**Data supplied**
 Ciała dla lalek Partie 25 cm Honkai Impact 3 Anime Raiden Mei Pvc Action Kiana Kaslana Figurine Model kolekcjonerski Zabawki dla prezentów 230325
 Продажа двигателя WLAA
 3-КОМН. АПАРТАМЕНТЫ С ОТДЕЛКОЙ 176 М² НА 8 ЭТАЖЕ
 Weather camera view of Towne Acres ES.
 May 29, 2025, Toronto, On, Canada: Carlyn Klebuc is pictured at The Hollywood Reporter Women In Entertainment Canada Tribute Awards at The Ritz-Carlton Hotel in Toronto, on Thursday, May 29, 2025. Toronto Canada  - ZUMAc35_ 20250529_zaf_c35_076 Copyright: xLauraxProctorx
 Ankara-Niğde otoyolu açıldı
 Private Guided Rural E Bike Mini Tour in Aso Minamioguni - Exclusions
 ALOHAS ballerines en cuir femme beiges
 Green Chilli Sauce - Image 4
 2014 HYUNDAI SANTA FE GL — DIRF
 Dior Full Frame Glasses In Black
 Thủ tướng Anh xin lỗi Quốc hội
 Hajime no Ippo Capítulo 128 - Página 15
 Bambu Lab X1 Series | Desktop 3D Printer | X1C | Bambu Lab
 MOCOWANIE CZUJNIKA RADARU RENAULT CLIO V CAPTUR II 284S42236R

**Problem description**
Please return the full set of records exactly as given above.

**Finished task**
 Ciała dla lalek Partie 25 cm Honkai Impact 3 Anime Raiden Mei Pvc Action Kiana Kaslana Figurine Model kolekcjonerski Zabawki dla prezentów 230325
 Продажа двигателя WLAA
 3-КОМН. АПАРТАМЕНТЫ С ОТДЕЛКОЙ 176 М² НА 8 ЭТАЖЕ
 Weather camera view of Towne Acres ES.
 May 29, 2025, Toronto, On, Canada: Carlyn Klebuc is pictured at The Hollywood Reporter Women In Entertainment Canada Tribute Awards at The Ritz-Carlton Hotel in Toronto, on Thursday, May 29, 2025. Toronto Canada  - ZUMAc35_ 20250529_zaf_c35_076 Copyright: xLauraxProctorx
 Ankara-Niğde otoyolu açıldı
 Private Guided Rural E Bike Mini Tour in Aso Minamioguni - Exclusions
 ALOHAS ballerines en cuir femme beiges
 Green Chilli Sauce - Image 4
 2014 HYUNDAI SANTA FE GL — DIRF
 Dior Full Frame Glasses In Black
 Thủ tướng Anh xin lỗi Quốc hội
 Hajime no Ippo Capítulo 128 - Página 15
 Bambu Lab X1 Series | Desktop 3D Printer | X1C | Bambu Lab
 MOCOWANIE CZUJNIKA RADARU RENAULT CLIO V CAPTUR II 284S42236R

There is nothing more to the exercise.